To **train our model**, we simply iteratively call the `run_epoch` function with and without passing an optimizer.

In [10]:
def train_model(model, train_loader, val_loader, loss_fn, optimizer):
    global EPOCH_INDEX

    # Initialize dictionary to log results
    logs = {
        "train": {
            "global_step": [],
            "loss": [],
            "accuracy": []
        },
        "val": {
            "global_step": [],
            "loss": [],
            "accuracy": []
        }
    }
    
    for _ in range(NUM_EPOCHS):
        # Train and validate model
        train_logs = run_epoch(model, train_loader, loss_fn, optimizer)
        val_logs = run_epoch(model, val_loader, loss_fn)

        # Log results
        logs["train"]["global_step"].extend(train_logs["global_step"])
        logs["train"]["loss"].extend(train_logs["loss"])
        logs["train"]["accuracy"].extend(train_logs["accuracy"])
        logs["val"]["global_step"].extend(val_logs["global_step"])
        logs["val"]["loss"].extend(val_logs["loss"])
        logs["val"]["accuracy"].extend(val_logs["accuracy"])

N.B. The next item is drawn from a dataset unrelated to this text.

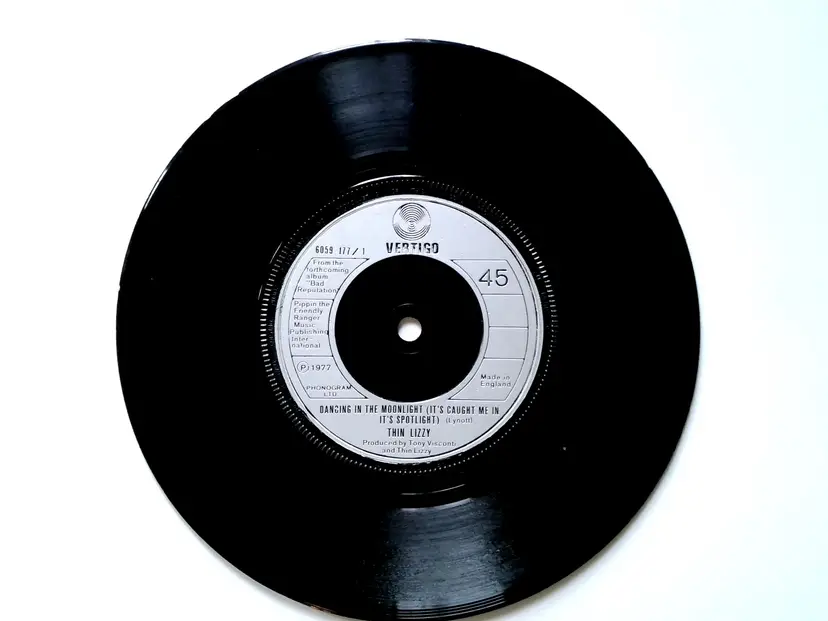 Thin Lizzy – Dancing In The Moonlight 7" Single 1977 Vertigo Rock 45 RPM
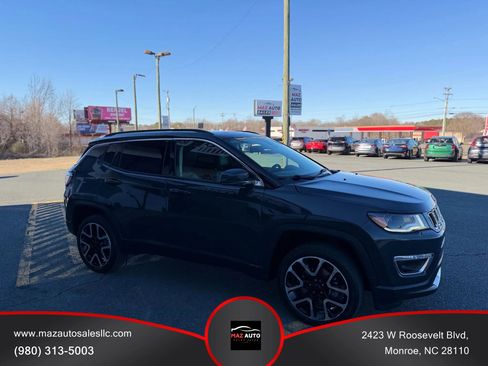 Used 2018 Jeep Compass Limited w/ Navigation Group image 3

        # Increment epoch index
        EPOCH_INDEX += 1

    # Close TensorBoard writer and inform user of training completion
    writer.close()
    print("Training complete!")

    return logs


We also need a function to regularly **save checkpoints during training**.

In [11]:
def save_checkpoint():
    pass


## Training

First, we check the **target device for training**.

In [12]:
print(DEVICE)

mps


We create an **instance of the LeNet model architecture**, move the network to the target device, and visualize the network's
architecture using TensorBoard.

In [13]:
network = LeNet().to(DEVICE)

# Visualize architecture using TensorBoard
writer.add_graph(network, sample_val_imgs.to(DEVICE))
writer.flush()

Next, we set up our **loss function** and **optimizer**.

In [14]:
loss_fn = nn.CrossEntropyLoss()
optimizer = optim.SGD(network.parameters(), lr=LR, momentum=MOMENTUM)

We open **TensorBoard** to track the training progress.

In [15]:
%load_ext tensorboard
%tensorboard --logdir ../logs/tensorboard

Finally, we start the training loop.

In [16]:
logs = train_model(network, train_loader, val_loader, loss_fn, optimizer)

                                                                                

Training complete!